Cuba portatif

Accotée à une rampe, attendant le prochain tram, je regarde les immeubles rejeter des masses de travailleurs sur une grande artère.  Les trottoirs sont bondés d’une foule bigarrée : t-shirt mou, chemises colorées, vestons faussement relax et tailleurs structurants.  Tous rythmés par le bruit monotone des klaxons.  Danse asynchrone.

Perce alors des notes saccadées d’un air cubain.  La musique nasillarde crachée par une radio trop portative précède un homme propulsé par une mobylette électrique.  Le visage ridé par un sourire, une main négligemment déposée sur le guidon, il louvoie entre ces spectateurs malgré eux.  L’homme bat la mesure de l’épaule au talon, un trilby immobile au sommet de sa tête malgré sa posture obliquement précaire.  Il opère quelques virages serrés offrant un rappel inespéré, pour ensuite filer.

Une dépression en la mineur

Mercredi midi. Une salle d’attente comme il y en a partout : des chaises contre les quatre murs d’une pièce exiguë, des Chasse et Pêche, Châtelaine, Bel-Âge (en première page, une femme semblant être âgée de 40 ans souriant de toutes ses dents bleutées). Tous datés de 2007 bien sûr. Au cas qu’une tendance capillaire nous ait échappé entre temps.

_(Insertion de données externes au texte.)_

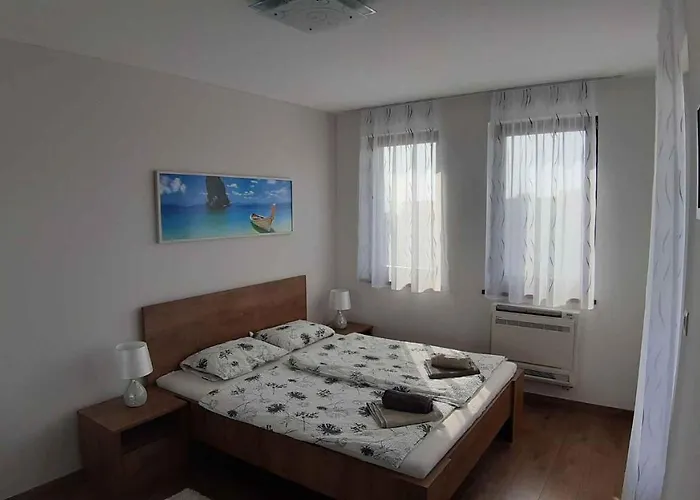 In 36663 Balatonalmádi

Mais surtout, la radio. Dis-moi quel poste de radio est syntonisé et je te dirai où tu attends. Le phénomène le plus remarquable est sans contredit la salle d’attente des dentistes. Peu importe le bureau de dentiste fréquenté à travers la province, les chansons jouées y sont les mêmes. Dans un effort anxiolytique peut-être, l’Ordre des dentistes du Québec a standardisé leurs listes musicales. Les France d’Amour, Brian Adams et Marie-Denise Pelletier leur doivent beaucoup.

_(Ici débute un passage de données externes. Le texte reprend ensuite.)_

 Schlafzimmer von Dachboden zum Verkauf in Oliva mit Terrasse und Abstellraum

Revenons maintenant à la salle d’attente du mercredi midi. Donc, assise sur une chaise, n’ayant pas de livre avec moi, ni téléphone, je ne me résous tout de même pas à passer l’auto-quiz déterminant si je suis du type carpe diem ou planificatrice névrosée. Pas de zone grise possible.  Je fixe plutôt le cadre d’art contemporain accroché au mur devant moi intitulé La bête. J’en fais vite le tour et je prends alors conscience de la musique classique qui cesse de jouer pour faire place à une série d’annonces publicitaires. Eh non! Pas d’Isabelle Boulay ou de Mario Pelchat qui pleure dans la pluie. Ici, c’est plutôt Schubert qui sonate en la mineur. Effort certain pour cultiver l’oreille des impatients de cette salle d’attente.

Première annonce.

«Venez nous visiter lors de notre événement porte ouverte en fin de semaine! Parce que vous êtes encore jeunes, la résidence Côte d’Azur vous offre un environnement sécuritaire et qui sera vous stimuler grâce aux dizaines d’activités comme la Zumba sur musique actuelle, les tournois de billard et l’aquarelle sur soie! Nous vous attendons!»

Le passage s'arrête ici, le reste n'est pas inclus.